==== INPUT RECORDS ====

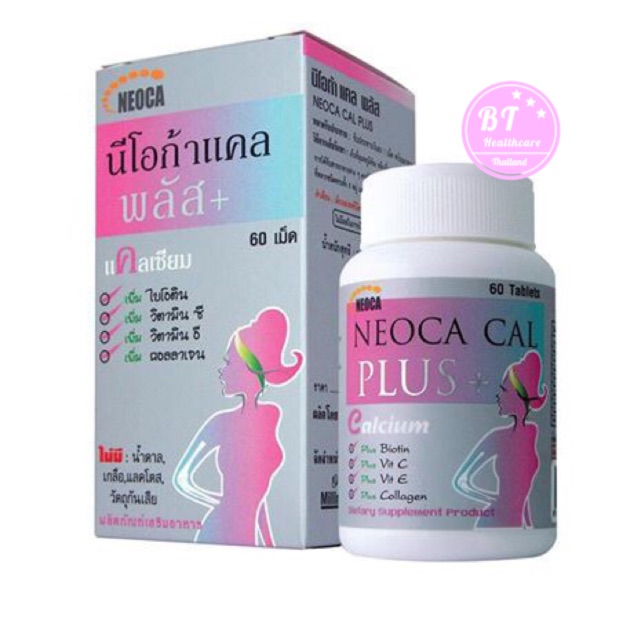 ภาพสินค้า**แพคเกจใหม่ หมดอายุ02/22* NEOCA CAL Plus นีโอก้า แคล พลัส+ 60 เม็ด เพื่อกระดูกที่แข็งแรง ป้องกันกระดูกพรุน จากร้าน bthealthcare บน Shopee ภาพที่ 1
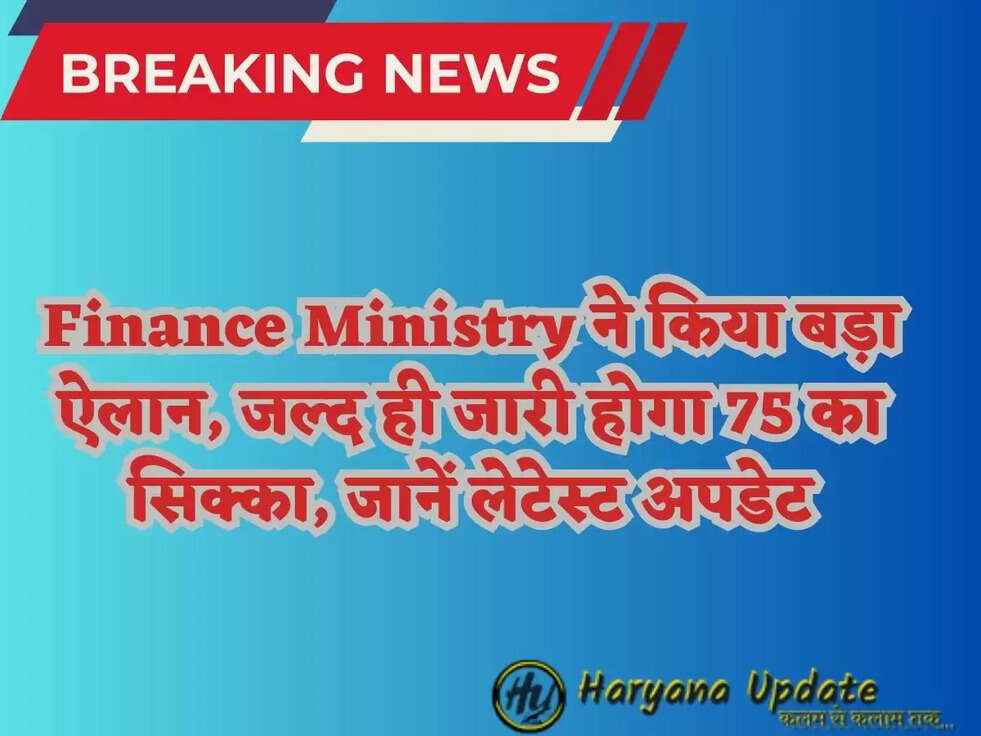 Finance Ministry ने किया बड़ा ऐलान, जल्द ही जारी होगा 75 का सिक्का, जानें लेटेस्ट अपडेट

====
==== INPUT RECORDS ====

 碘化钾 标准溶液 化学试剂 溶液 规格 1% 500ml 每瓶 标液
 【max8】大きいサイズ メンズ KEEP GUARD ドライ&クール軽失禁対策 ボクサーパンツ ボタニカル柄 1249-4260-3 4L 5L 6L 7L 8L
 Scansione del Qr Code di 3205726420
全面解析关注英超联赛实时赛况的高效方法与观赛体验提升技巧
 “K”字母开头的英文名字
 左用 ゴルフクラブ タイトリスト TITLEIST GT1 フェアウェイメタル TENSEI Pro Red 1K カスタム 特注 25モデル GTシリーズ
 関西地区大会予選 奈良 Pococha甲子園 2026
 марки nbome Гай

====

- _WHAT THIS TASK INVOLVES_
Using the listing above, return word for word each line from the one that has "左用 ゴルフクラブ タイトリスト" through the one that has "марки nbome Гай", and no line outside that range.

- _ANSWER FOR THIS EXERCISE_
 左用 ゴルフクラブ タイトリスト TITLEIST GT1 フェアウェイメタル TENSEI Pro Red 1K カスタム 特注 25モデル GTシリーズ
 関西地区大会予選 奈良 Pococha甲子園 2026
 марки nbome Гай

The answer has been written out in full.